# Can any body show me there pig-nosed setups.



## Jason.s (May 13, 2012)

I wouldn't mind geting pig-nosed turtles would like to see some setups and info on keeping eg. size ponds/tanks and breading methods thanks.


----------



## Slickturtle (May 22, 2012)

*Pig nosed set up*



Jason.s said:


> I wouldn't mind geting pig-nosed turtles would like to see some setups and info on keeping eg. size ponds/tanks and breading methods thanks.



Hi Jason

I just found your post on the forum

You can get a copy of the breeding of PNTs for the current edition (number 2) of Reptiles Australasia. Try Googling it. I don't have the link right now.

But you can also see more pics of my setup on Photobucket at 

[FONT='comic sans ms', sans-serif]Trials and tribulations of a turtle tamer pictures by Slickturtle - Photobucket[/FONT]

Cheers

Slick


----------



## jedi_339 (May 22, 2012)

Just looked at your album and the info within, awesome effort and very informative Slick turtle.

I reckon you've got a much better setup then Gavin Bedfords PNT enclosures at crocosaurus cove :lol:

except you don't have a view across the buildings to the backpackers swimming pool...........


----------



## Sezzzzzzzzz (May 22, 2012)

amazing slickturtle... that setup is brilliant.


----------



## imported_Varanus (May 22, 2012)

Ditto Sarah's comment....brilliant! What are your views on people keeping this species in the southern states, Slick? Many fishtank set ups just don't seem to do them justice (akin to the private hobbyist keeping Salties).
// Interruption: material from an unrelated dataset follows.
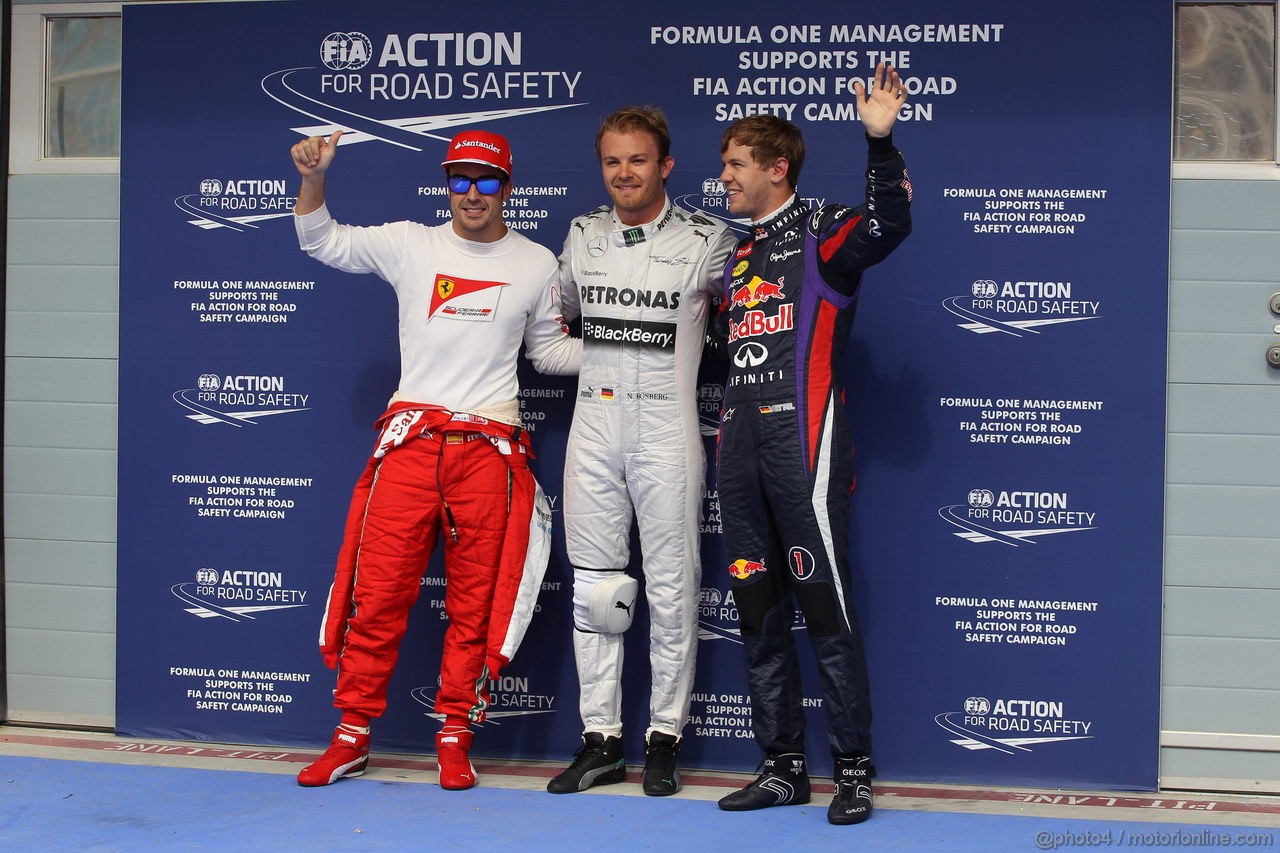 GP BAHRAIN, 20.04.2012- Qualifiche, terzo Fernando Alonso (ESP) Ferrari F138, Nico Rosberg (GER) Mercedes AMG F1 W04 pole position e secondo Sebastian Vettel (GER) Red Bull Racing RB9 
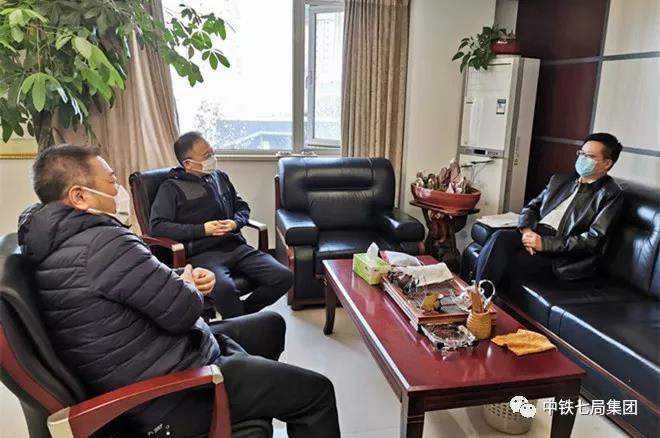 王珂平、师建军检查指导疫情防控工作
Not having a poke at those who choose to keep either BTW!


----------



## Jason.s (May 22, 2012)

Slickturtle said:


> Hi Jason
> 
> I just found your post on the forum
> 
> ...


Thanks for that mate i'll check it out.

Mate thats one hell of a setup you got there, thanks for that.
Cheers Jason.


----------



## Frozenmouse (May 25, 2012)

10 points for the set up and 100 points for keeping the toads out in the dry season.


----------



## maddog-1979 (May 26, 2012)

great set up slickturtle, gobsmacked


----------



## yommy (May 26, 2012)

slickturtle that is the most amazing setup i have ever seen. how special it must be to interact with your animals like that. 
top stuff


----------



## Jay84 (May 26, 2012)

Wow slickturtle! That is an amazing set up you have there. What lucky animals you have! That must be so rewarding.


----------



## MathewB (May 26, 2012)

How the hell did you manage to set that up? I have so many questions......


----------



## getarealdog (Jun 4, 2012)

Slickturtle-the level by which all others will be measured-AAA+++


----------